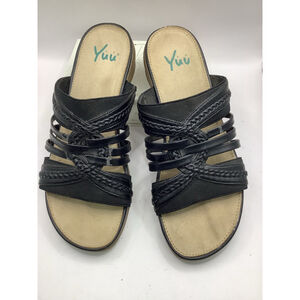 Women's Yuu Black Strappy Sandals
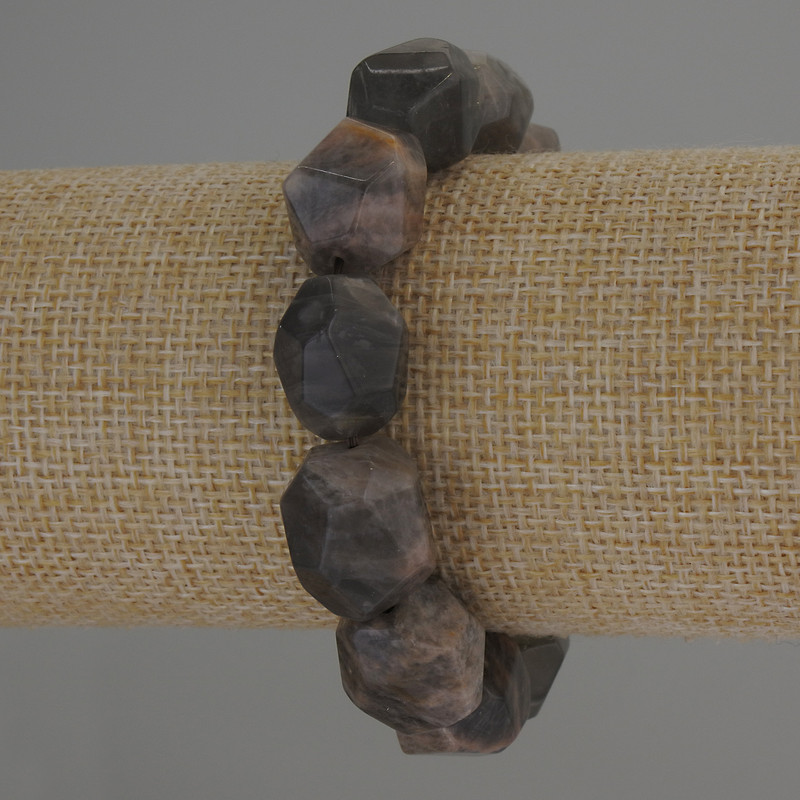 Sonnenarmband aus Naturstein, facettierte Perlen, Durchmesser 16–18×13–16 mm, Länge 18 cm, elastisches Armband
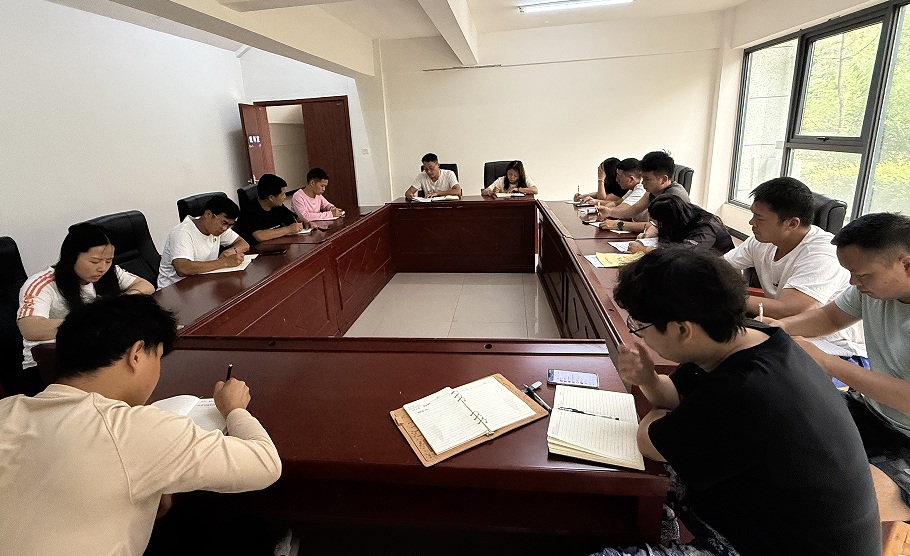 体育学院召开2025年春季学期 第四次教职工大会(图1)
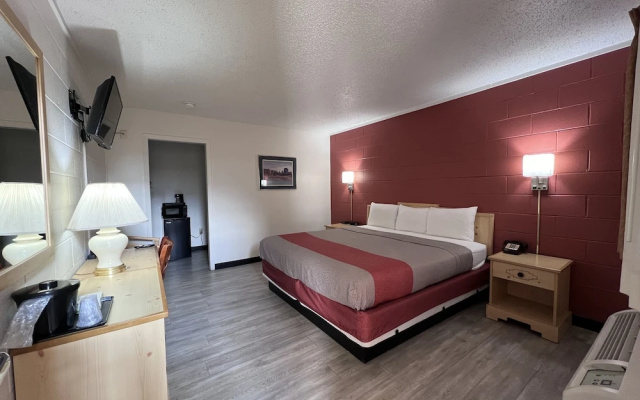 Regency Inn and Suites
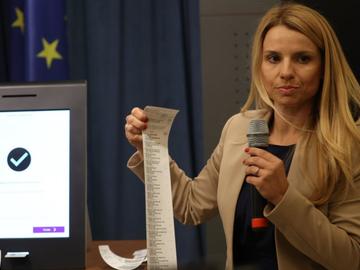 Препрограмират софтуера на машините за балотажа, проблеми е имало при 0,25% от тях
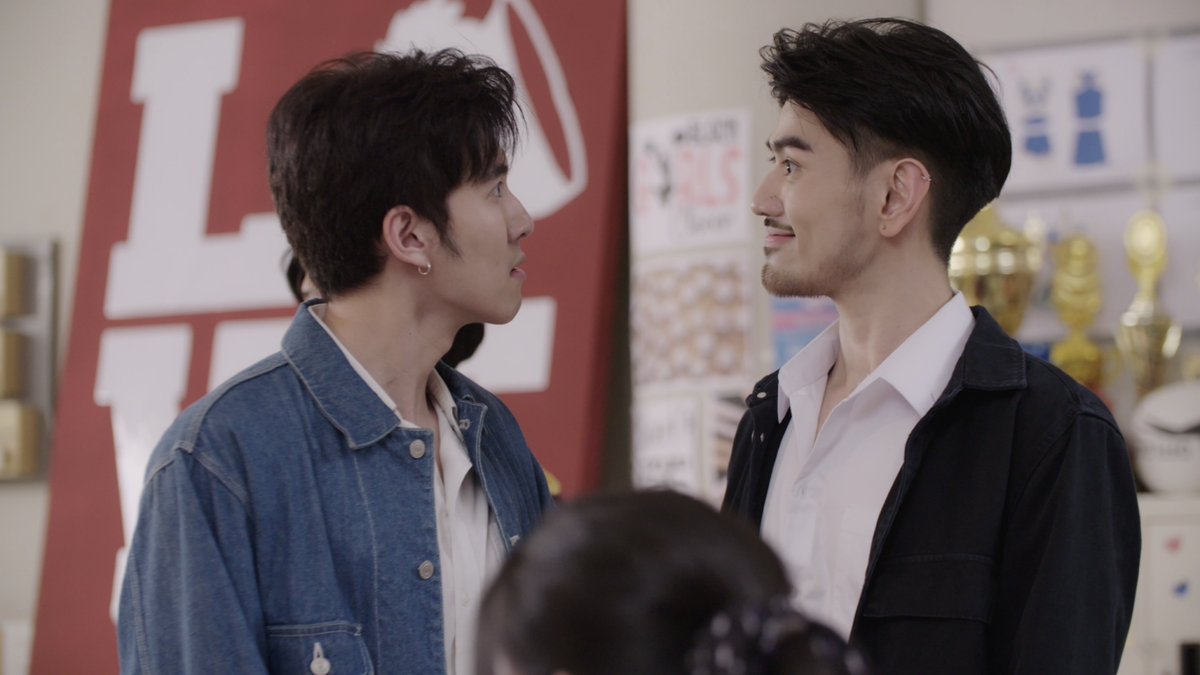 GMMTV's tweet photo. เจอเธอทีไร หัวใจเต้นรัววววว

#ยังคั่นกูEP2 #Still2gether
#GMMTV #GMM25 
 @Gunnzsmile @mmikesiri @loverrukk https://t.co/rglFM78z0q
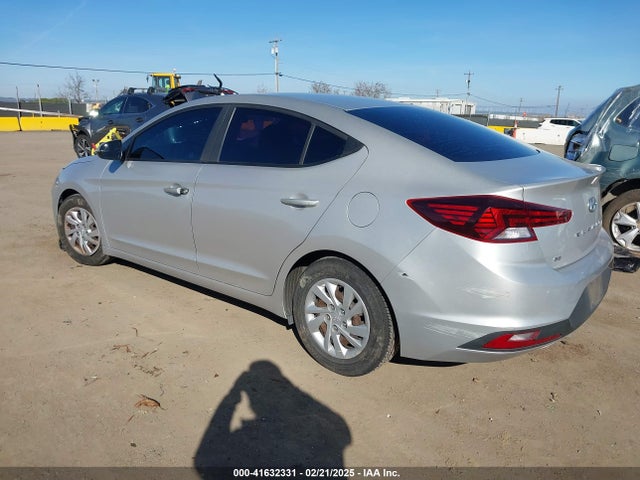 Hyundai ELANTRA SE 2019 5NPD74LF0KH483497 Image 3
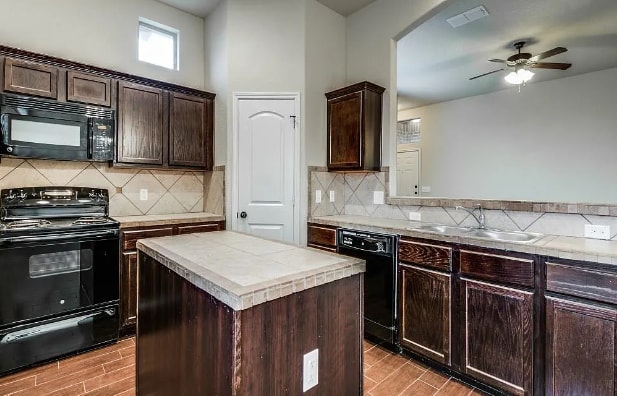 Building Photo - 634 Creekside Cir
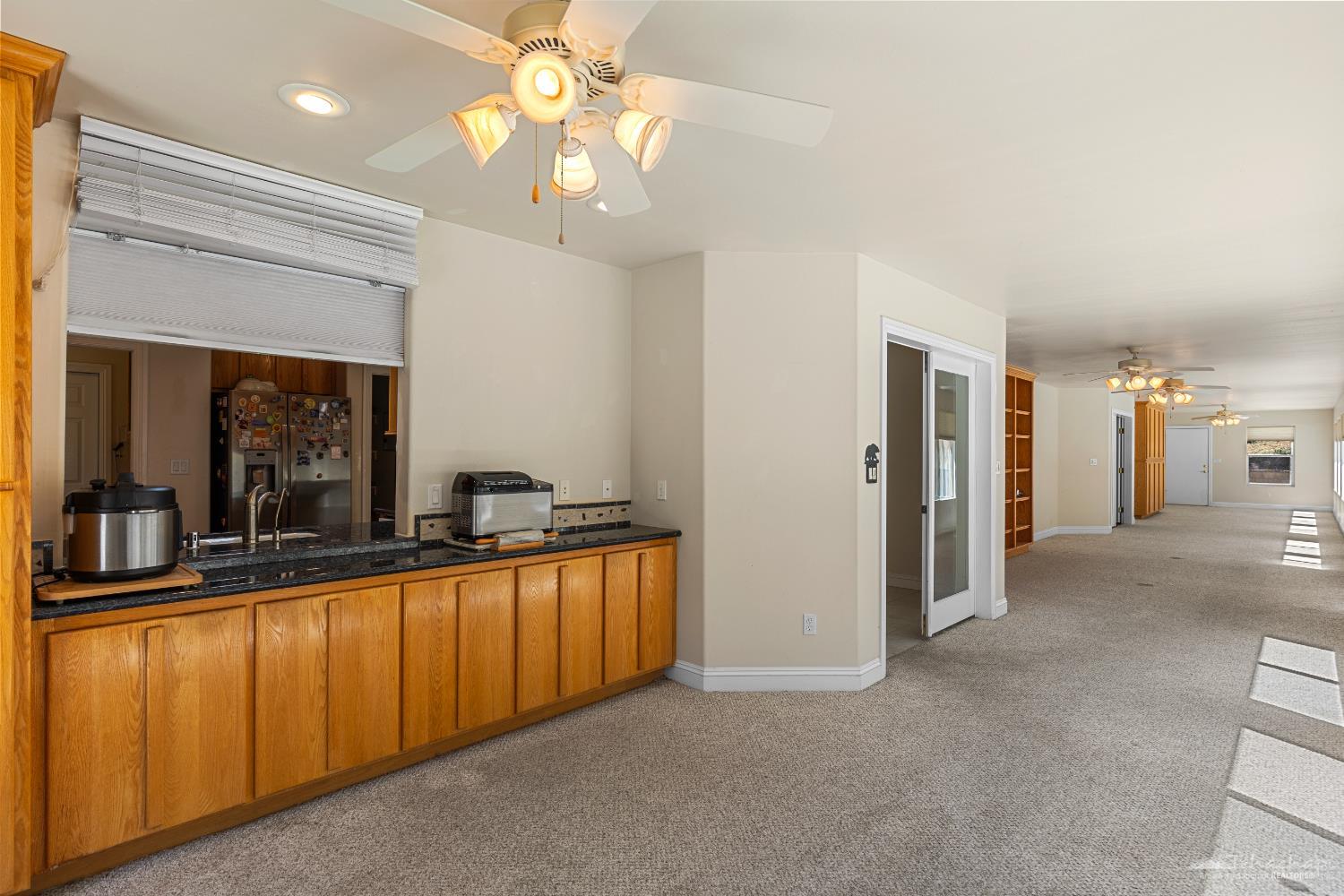 Sunland Way photo 15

::::

[Problem requirements]: Of the lines above, copy only those from the one holding "Regency Inn and Suites" to the one holding "Building Photo - 634 Creekside Cir", both included, and exclude every image.

[Solution to the exercise]:
 Regency Inn and Suites
 Препрограмират софтуера на машините за балотажа, проблеми е имало при 0,25% от тях
 GMMTV's tweet photo. เจอเธอทีไร หัวใจเต้นรัววววว

#ยังคั่นกูEP2 #Still2gether
#GMMTV #GMM25 
 @Gunnzsmile @mmikesiri @loverrukk https://t.co/rglFM78z0q
 Hyundai ELANTRA SE 2019 5NPD74LF0KH483497 Image 3
 Building Photo - 634 Creekside Cir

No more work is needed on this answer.